Instantly share code, notes, and snippets.

@adkelley
Created May 14, 2020 13:47
Show Gist options
  • Save adkelley/c1c5fcd78fa3c278859ac48dedc6d6b7 to your computer and use it in GitHub Desktop.
Save adkelley/c1c5fcd78fa3c278859ac48dedc6d6b7 to your computer and use it in GitHub Desktop.

Build a data flow for a real-world app

series banner

Note: This is Tutorial 27 in the series Make the leap from JavaScript to PureScript. Be sure to read the series introduction where we cover the goals & outline, and the installation, compilation, & running of PureScript. I'll be publishing a new tutorial approximately once-per-month. So come back often, there's a lot more to come!

Index | << Introduction < Tutorial 26

In the last Tutorial, we finished all of the basic concepts of functional programming. Now, we'll use what we learned to develop an application that finds common ground between two music artists, using the Spotify API. In this first of our final three tutorials, we'll determine the necessary HTTP endpoints from the Spotify API. Once we have our endpoints, we'll sketch a high-level dataflow diagram. Then, by following our diagram, we'll begin coding this data flow in PureScript.

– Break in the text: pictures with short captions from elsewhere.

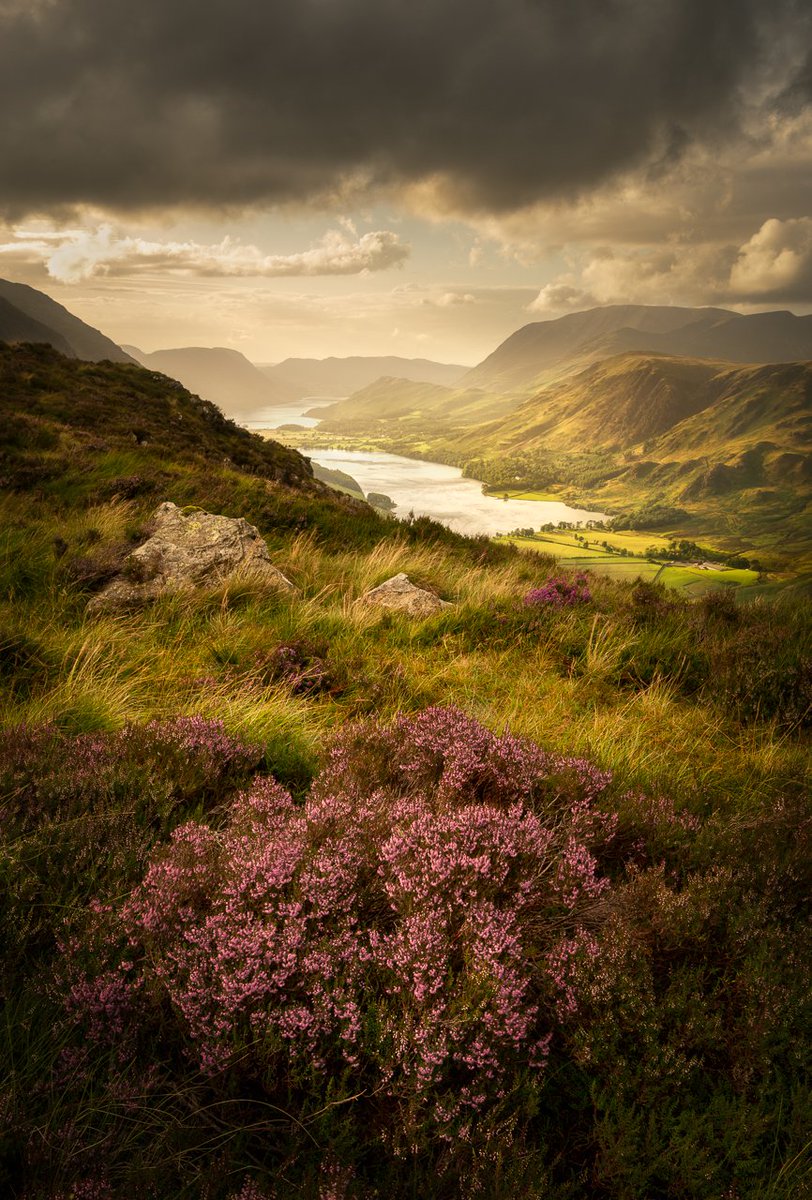 Just got to work sorry for the slow response - delighted with Buttermere Bloom winning the Sunday Times award  in the @Takeaview LPOTY 2018, thanks to everyone who's wished me well and a big congrats to everyone who's had success this year 👍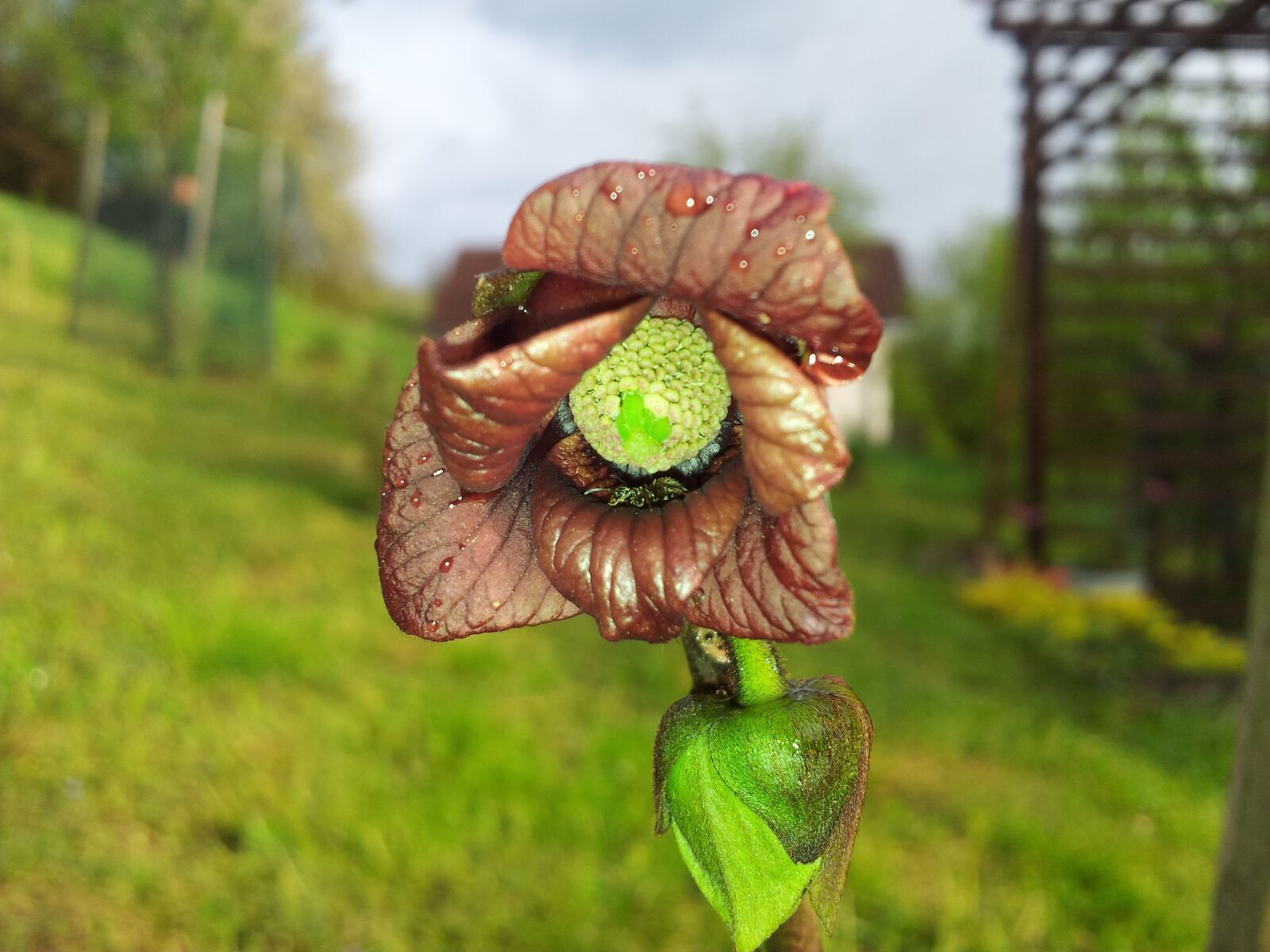 Samsung Galaxy S2 sample photo. Asimina, triloba, sunflower photography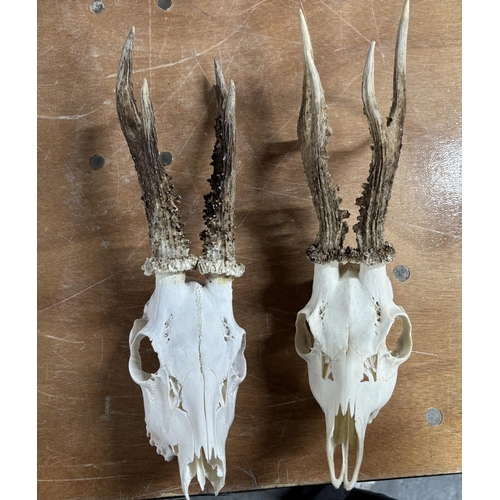 81 - Pair of Stags head skeletons complete with horns (2)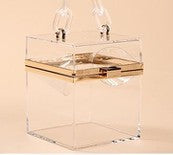 Square Transparent Purse
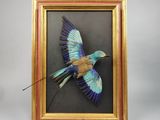 une image représentant un tableau encadré représentant un oiseau aux ailes bleues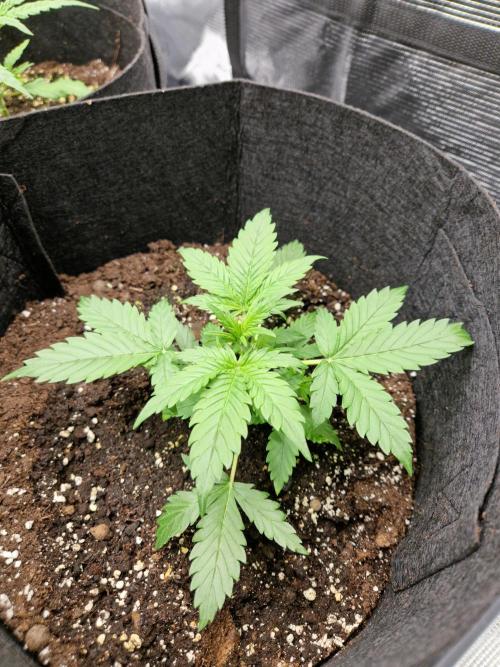 Girl Scout Cookies Auto. Week 4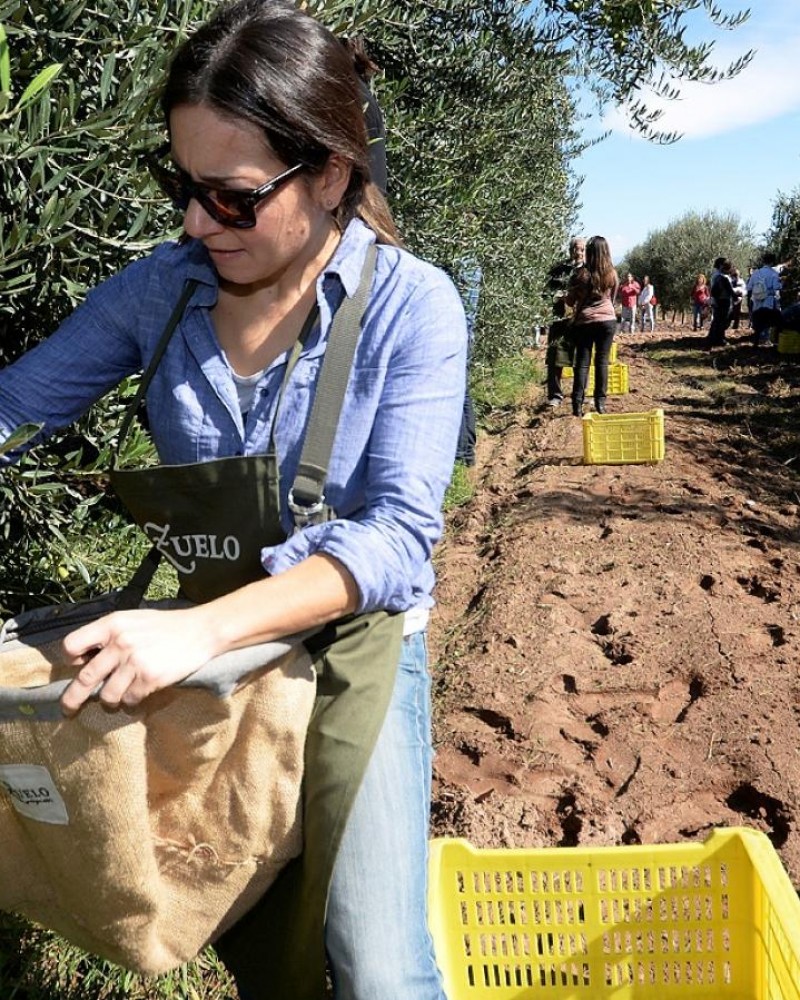 Experiência entre oliveiras e vinhedos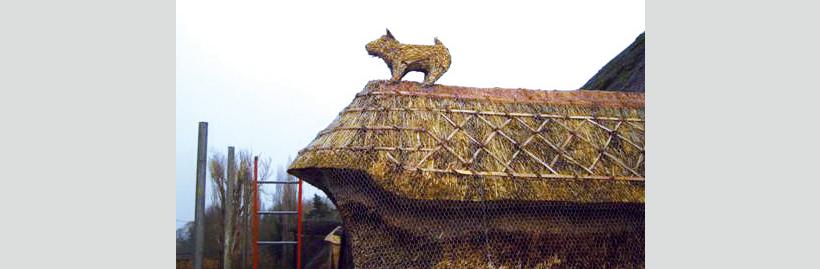 thatcherincambridgedog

I borrowed this series outline, and the JavaScript code samples with permission from the egghead.io course 'Professor Frisby Introduces Composable Functional JavaScript' by Brian Lonsdorf — thank you, Brian! A fundamental assumption is that you've watched his video on the topic before tackling the equivalent PureScript abstraction. Brian covers the featured concepts exceptionally well, and I feel it's better that you understand its implementation in the comfort of JavaScript. Note that the Spotify API has evolved since Brian published his tutorial. In particular, they have removed unauthenticated calls to all of their API endpoints. Consequently, to make this application work, you'll need a Spotify account to obtain an API security access token.

You'll find the text and code examples for this tutorial on Github. If you read something that you feel could be explained better, or a code example that needs refactoring, then please let me know via a comment or send me a pull request. Also, if you like what you see, then please give it a star to help me publicize these tutorials.

What we're building

We're going to build an application that finds common music artists shared between two or more artists by querying the Spotify API. For example, if a user inputs The Beatles and The Rolling Stones, then our application returns an array of artists that the Spotify algorithm determines they have in common. The code for the completed application is in Tutorial 29. You can run this final implementation by typing the following in your terminal:

# Compiles and produces a single executable 'tuindex.js'
$ npm run bundle
# Use node to run it
$ node index.js Beatles 'Rolling Stones'
# Returns 34 related artists; 5 artists in common.
$ (Tuple 34 ["Jimi Hendrix","The Kinks","George Harrison","Chuck Berry","Eric Clapton","John Lennon"])

Development Roadmap

Here's our development plan:

  1. Start by looking at the Spotify Web API Documentation to discover suitable endpoints.
  2. Test these endpoints in the terminal using Curl and Spotify's Console to ensure they deliver the metadata we need.
  3. Create a data flow diagram of our application.
  4. Finish coding the user argument capture, while mocking the rest of the data flow in PureScript.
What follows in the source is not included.